Published: 06:00, 19 August 2020
| Updated: 07:38, 19 August 2020
In the decades following the Second World War, thousands of west Africans came to the UK to study - but for many of their children life centred around rural Kent.
This was an after effect of British imperial administrators leaving countries such as Nigeria with government systems with few skilled leaders.
So men began venturing to Britain to gain qualifications, and then use their new-found skills and knowledge to better manage the government and economy back in their home country.
Women soon followed, taking advantage of the work and education on offer.
As is still the case for modern-day students, budgets were small, with the scholars' families usually sending just enough money to survive. This was fine when just looking after themselves, but it got a little more complicated when they had babies.
With no extended family to turn to for child care, students' children would often be placed in the care of white, working-class families for a short period of time, usually until the mother's course was complete or work was found.
Placements were made through word of mouth or advertisements in shop windows and newspapers.
Parents detailed their preferences, specifying, for example, that the foster mother should not have her own babies, or should reside in a rural area.
Hundreds of west African children were privately fostered in Britain each year, with parents paying up to £3 a week for care.
With the African student population concentrated in London, children were typically fostered by private households in the Home Counties, such as Kent.
By 1964, 768 African children were fostered here, according to the Journal of Modern History.
Ibironke John was one of them.
Ms John, now 58, spent three years with her foster carer in Hollingbourne before being taken back to London by her Nigerian parents.
She still cherishes the memories of a simple, country life in this little village, just outside Maidstone.
Ms John was born in Hackey in 1961, the first child of Adewole, who read law, and Victoria, a trainee nurse.
With little means to survive on small student budgets sent by their parents, Ms John was packed off from the busy streets of east London to the rolling hills of Kent when she was just three years old, taken in by a lady she only knew as Nana.
"Everything I experienced in Hackney was the opposite of what I experienced in Kent - in Kent I was flying high..."
All of Ms John's memories of her time here are filled with warmth and comfort.

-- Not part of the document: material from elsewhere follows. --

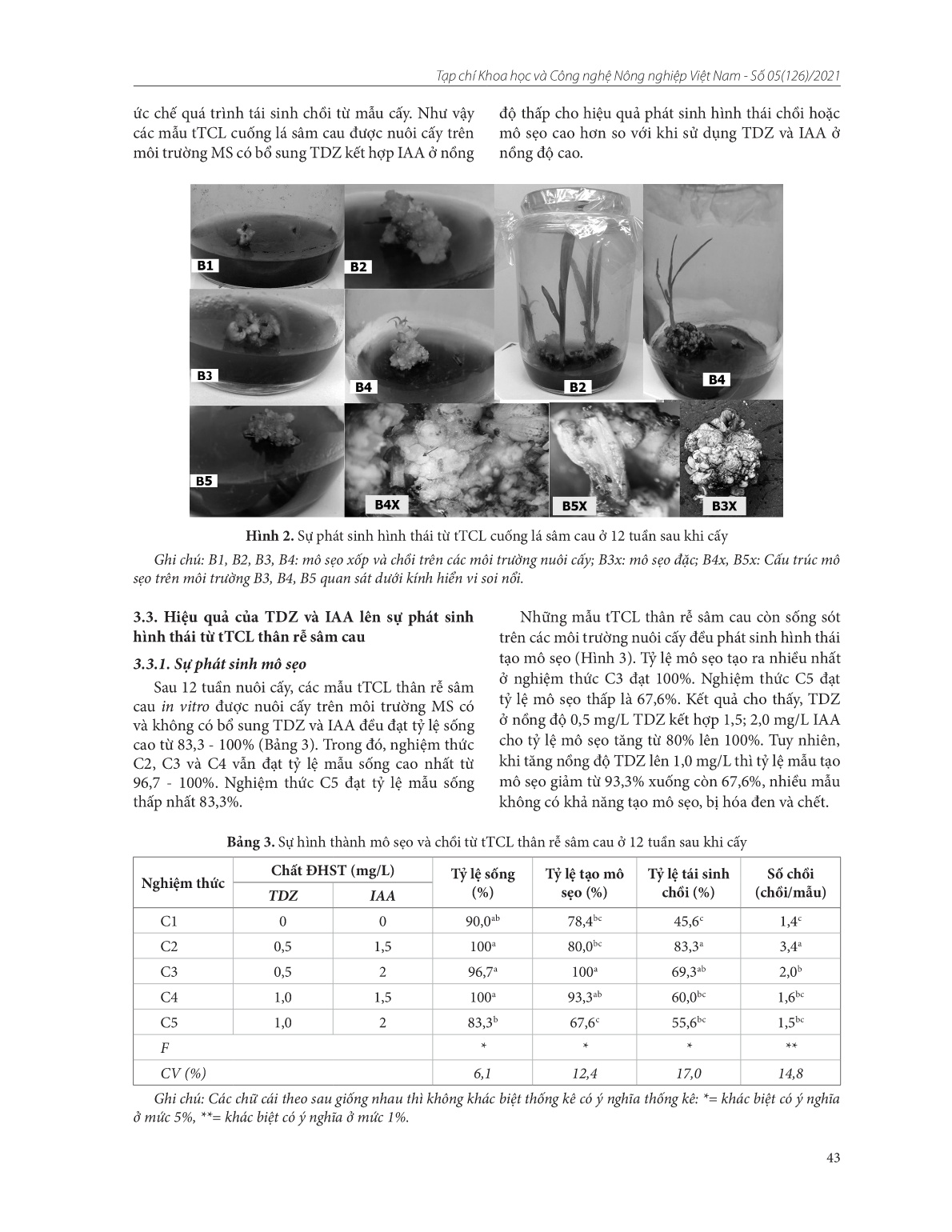Ảnh hưởng của tdz và iaa lên sự phát sinh hình thái từ các lớp mỏng tế bào của lá, cuống lá và thân rễ cây sâm cau (Curculigo orchioides Gaertn.) nuôi cấy in vitro trang 5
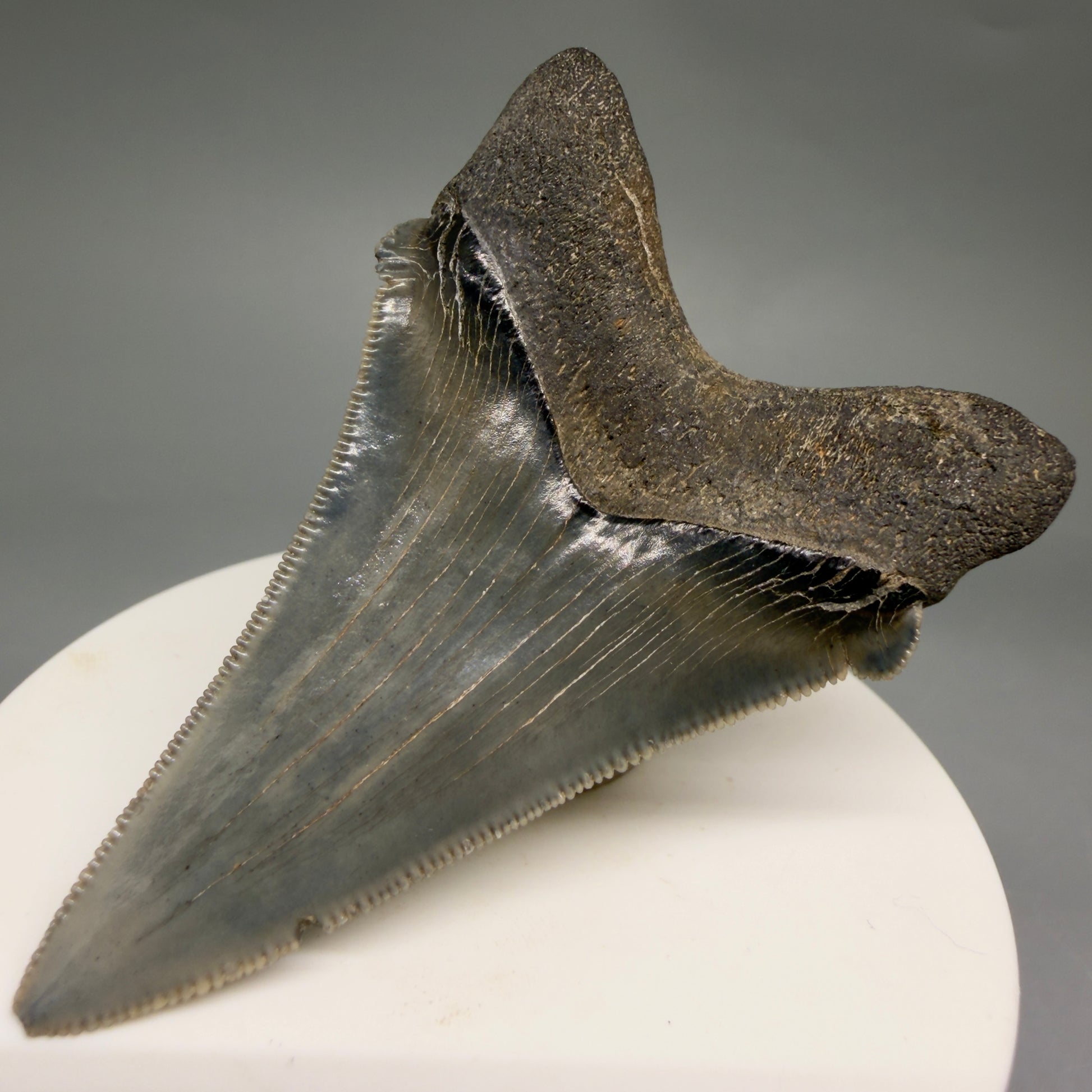Back Right View 2.52" Serrated Fossil Carcharocles angustidens Shark Tooth from South Carolina AN469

She said: "Nana had her little garden where she would grow gooseberries and she'd make lovely puddings. But most importantly, she made it home. Her warmth made me feel very comfortable."
Ms John mainly remembers spending her days cycling along the train side and playing games with the other foster children she shared the house with.
"I felt as if the world was my oyster - I had a sense of freedom and openness," she said.
Every so often, her parents would visit, but Ms John admits she preferred the company of Nana.
"I felt protected and covered by her," she said.
One day - which Ms John has never forgotten - her parents arrived unannounced to take her back to London. She saw Nana only once after that, but has kept the memories very dear to her.
Sadly, Ms John never settled with her parents, finding it hard to form a close relationship with them, even many years after returning home.
She said: "Everything I experienced in Hackney was the opposite of what I experienced in Kent - in Kent I was flying high.
"I withdrew socially - I wasn't close to my parents- I felt resentment. I wouldn't play with toys and was just waiting for the day I would see Nana again."
When she was 14, Ms John's family moved back to Nigeria, where she studied sociology at university and began working in youth services.
Later, she moved back to England to complete a masters in social care at Durham University and now lives in Peterborough and has three grown-up children.
She has never attempted to get back in touch with Nana as an adult.
Although the number of west African families finding foster carers for their children began dwindling in the 1970s, it is still seen as a very feasible option for migrant families today.
Private fostering arrangements, as opposed to those run by the local authority, allows temporary child care while the parents find work and establish their roots.
But because it happens outside regulations, to this day, it is unknown exactly how many west African children are spending their early years with foster carers, or whether the conditions or hosts are up to scratch. However, as Ms John's experience proves, some cherish their time at their temporary home, and still hold the memories dear.